The club took over their Upper East Side mansion in 1964, but it was built in 1912 by Stephen Clark, with family money amassed from his grandfather’s role as head of the Singer Sewing Machine Company. Club president Lorie Karnath began the building’s current $2 million, two-phase renovation a little over two years ago when she was elected.
Karnath – who walked the streets of New York, inspecting other buildings in order to select an architect for the project — welcomed us, and about 20 others, to the open house with a building-shaped pin on which the project slogan was printed: “Cultural Heritage Starts at HQ.” The six-story building was lit largely by natural light shining through the newly revealed three-story bay windows overlooking the terrace.
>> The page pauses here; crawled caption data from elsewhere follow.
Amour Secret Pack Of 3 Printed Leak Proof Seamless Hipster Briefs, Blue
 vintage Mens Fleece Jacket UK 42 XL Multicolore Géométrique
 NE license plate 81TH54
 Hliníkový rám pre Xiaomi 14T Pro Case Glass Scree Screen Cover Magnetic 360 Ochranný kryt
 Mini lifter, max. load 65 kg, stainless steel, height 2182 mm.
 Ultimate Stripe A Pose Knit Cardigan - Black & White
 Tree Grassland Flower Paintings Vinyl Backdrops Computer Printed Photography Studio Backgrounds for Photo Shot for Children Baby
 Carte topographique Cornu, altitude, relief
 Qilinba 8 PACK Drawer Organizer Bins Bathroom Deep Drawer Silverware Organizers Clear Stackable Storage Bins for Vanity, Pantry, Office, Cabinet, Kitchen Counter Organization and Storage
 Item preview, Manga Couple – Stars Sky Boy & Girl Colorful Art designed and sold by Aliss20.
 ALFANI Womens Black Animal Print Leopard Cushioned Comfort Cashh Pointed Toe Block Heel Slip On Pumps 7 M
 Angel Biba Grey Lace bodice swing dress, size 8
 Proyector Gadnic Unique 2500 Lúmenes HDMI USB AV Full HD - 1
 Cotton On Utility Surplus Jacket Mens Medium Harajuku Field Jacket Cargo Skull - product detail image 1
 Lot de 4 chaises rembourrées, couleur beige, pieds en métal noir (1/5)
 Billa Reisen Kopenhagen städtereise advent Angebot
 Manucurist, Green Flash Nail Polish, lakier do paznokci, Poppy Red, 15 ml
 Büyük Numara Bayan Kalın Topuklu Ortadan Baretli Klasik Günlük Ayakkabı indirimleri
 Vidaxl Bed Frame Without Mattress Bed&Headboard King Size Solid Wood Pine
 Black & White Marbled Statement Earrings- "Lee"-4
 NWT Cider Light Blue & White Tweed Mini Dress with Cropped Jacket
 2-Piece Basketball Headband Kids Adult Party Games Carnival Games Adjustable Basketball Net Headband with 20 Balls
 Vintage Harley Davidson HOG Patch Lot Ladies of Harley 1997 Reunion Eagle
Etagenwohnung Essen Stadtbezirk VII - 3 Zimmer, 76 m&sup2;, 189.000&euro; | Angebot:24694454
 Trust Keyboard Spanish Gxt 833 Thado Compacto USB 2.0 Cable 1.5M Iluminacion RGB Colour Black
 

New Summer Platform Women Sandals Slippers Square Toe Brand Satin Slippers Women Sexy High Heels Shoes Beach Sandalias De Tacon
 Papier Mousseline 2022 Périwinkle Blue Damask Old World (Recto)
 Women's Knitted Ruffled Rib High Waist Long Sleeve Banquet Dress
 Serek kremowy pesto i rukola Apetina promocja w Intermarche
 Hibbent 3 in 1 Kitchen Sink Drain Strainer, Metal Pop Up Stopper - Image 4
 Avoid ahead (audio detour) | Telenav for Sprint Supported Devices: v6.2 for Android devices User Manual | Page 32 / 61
Rows of science books lined the room inside, while a chronology of Explorers Club flags hung on the wooden walls of the adjacent lecture room. The completed renovation also included repairing 114 stained-glass windows. Phase II will focus on the terrace and colonnade.
Architectural heritage aside, the club’s history exists also in its members.
“There are a lot of people here who are unusual,” said Don Morley, who had just arrived from Texas wearing his Explorers Club tie. “Your peers are doing very interesting things as a rule.” (On one expedition with club members, Morley traveled in a submarine to see the remains of the Titanic, and as a souvenir he kept a Styrofoam cup on which he had scrawled a note that shrank to the size of a thimble due to the change in pressure.)
To gain full-fledged entry into the club as a “fellow”, one need not to have graduated from an Ivy League college or even know how to play squash, but solely to have contributed to scientific knowledge, “usually evidenced by scientific publications documenting fieldwork or explorations.”
“I feel that it’s all about curiosity and asking questions,” explained Ms. Karnath, who had just returned from digging up dinosaur bones in Canada the weekend before.
We asked Ms. Karnath, sitting in her office cluttered with more books and artifacts, about the acceptance rate: “If you’re qualified, you get in. Let’s put it that way,” she said. In the NYC chapter, there are more than 500 members.
According to cultural preservation enthusiast Mabel Purkerson who was visiting from her chapter in St. Louis, even the cat went through a selection process: he was chosen by the president of the Philadelphia Explorer’s Club chapter out of 32 felines “interviewed.”